Is the L3 cache shared by all cores for a Sandy-Bridge E Xeon CPU?

On these CPUs, each physical core has its own L2 cache. The L3 cache is shared by all cores and is inclusive -- that is, any data that resides in any core's L2 cache also resides on the L3 cache.

While this may seem a waste of L3 space, it actually makes the L3 invaluable for accelerating inter-core memory operations. The primary purpose of the L3 cache is to act as a switchboard and staging area for the cores. For example, if one core wants to know if a region of memory might be cached by another core, it can check the L3 cache. If information was processed by one core and next needs to be processed by another core, they hand it off through the L3 cache rather than the slower off-chip memory. Beyond that, its performance impact is not that much except for unusual algorithms -- the L2 cache is big enough for small things and the L3 cache is too small for big things.

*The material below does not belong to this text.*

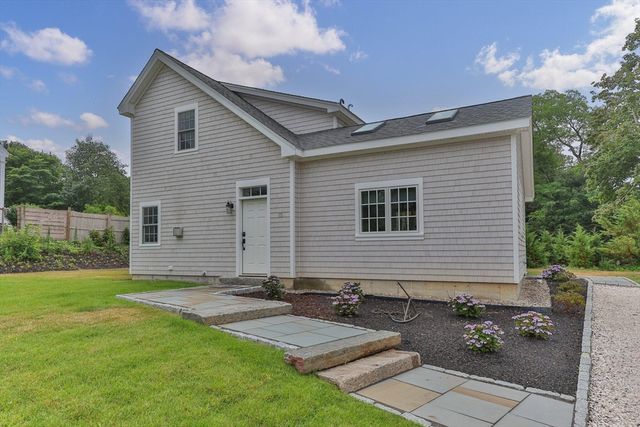 15 Squires Pond Lane, Wellfleet, MA 02667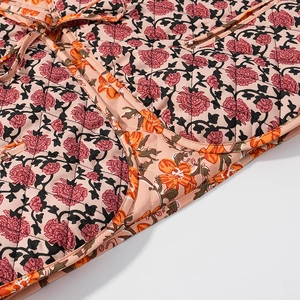 Gros plan détaillé du gilet matelassé à fleurs roses avec fermeture à nouer rétro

So while each core does have its own 256KB L2 cache and effectively 256KB reserved in the L3 cache, the balance is shared by all cores. Less important activity in other cores can harm the performance of a more important task that benefits from using L3 space. But for the reasons I mentioned, it's generally not a significant effect in practice and it's generally not worth worrying about beyond optimizing "bulk data" operations (such as compression and scanning) to minimize cache pollution. (For example, using non-temporal operations.)